Rating: Summary: Kitsch Review: Interesting plot and wonderful prose style, but pretentious and full of unnecessary political grumbling and insults. Pure kitsch. I felt a bit disappointed cause I know he can do better than that. If you never read anything by Kundera before, avoid this book. Start with 'Immortality'.
Rating: Summary: Unbearably light Review: Featherweight, often (very) funny, this book, highly regarded, left me utterly flat. If it weren't for its delicate prose it would be unbearably pretentious. What story there is fails to engage on an emotional level. (Even the subplot involving the dog left me unmoved.) The characters are interchangeable ciphers whose thoughts and actions are explained, rather than shown, thus keeping them at the proverbial arm's length. Unfortunately, there is no real compensation in terms of insight; whatever epiphanies there are are never the characters' but the author's, and amount to very little. The book's philosophic musings might garner an A minus on a college term paper but one has come to expect more from published literature, especially published literature that has been reviewed as favorably as this novel has. Thus, this book fails to satisfy either as good (let alone great) philosophy or particularly good literature, and the political tracts that surface from time to time are tiresome. To see how an emotional story can be embedded within a real "novel of ideas," which still leaves room for political diatribe, the reader of this review is directed toward "A Sentimental Education" by Flaubert. The present book, while beautifully written, seems to me a miscalculation.

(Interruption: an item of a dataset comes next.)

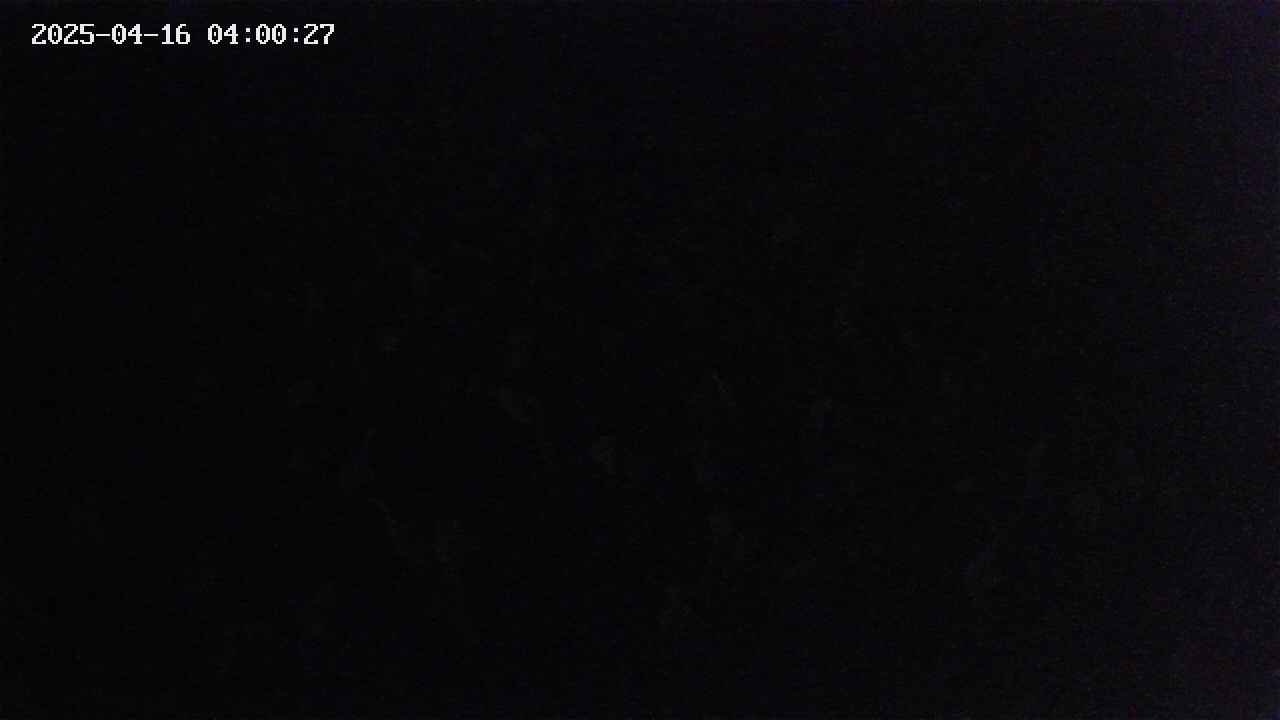 mizubasho2-20250416040027.jpg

Rating: Summary: Well-written, but a bit pretentious Review: This was the first Milan Kundera novel I've read. Overall, I really enjoyed it. It was emotionally stimulating and intellectually daring. However, it was also incredibly pretentious. It felt as though Kundera was was costantly attempting to remind me of how profound his ideas are. I gathered that fact simply from the originality of this novel, and I didn't need Kundera to keep reminding me. This was really the only flaw I found in the novel. All in all, an exceptional novel-
Rating: Summary: impossible not to find yourself somewhere in this book Review: A friend lent me this book at a time in my life where I was confronting some of the same issues that the protagonists here were. I don't think this is a book about sex or war or infidelity. It is about choice. Sex, war, etc. are metaphors used to convey the choices we (and those around us) make, and ultimately, how we respond to choice. Each character experiences some sort of crisis which demands a choice. Some choices are made swiftly and strongly (Sabina leaving Geneva once her lover Franz leaves his wife), other choices seem to come after years of indecision, and perhaps a change in the character's desires/needs (Tomas finding happiness in the country). Each one of the main characters finds some aspect of happiness in finally coming to terms with their lives and themselves, yet the characters are all so different. One of this book's most important questions for me is: are we more different than we are alike (Tomas' 1% of difference among women)? And if so, does that difference make some of us fundamentally incompatible, destined to live parallel lives without ever having the opportunity to connect and learn from the one who is deemed incompatible? I think we stand to learn the most from people/situations which vex us, provided we can maintain our centerdness and approach the tension (like that between Tomas & Tereza) with an eye to what it might help us learn about ourselves.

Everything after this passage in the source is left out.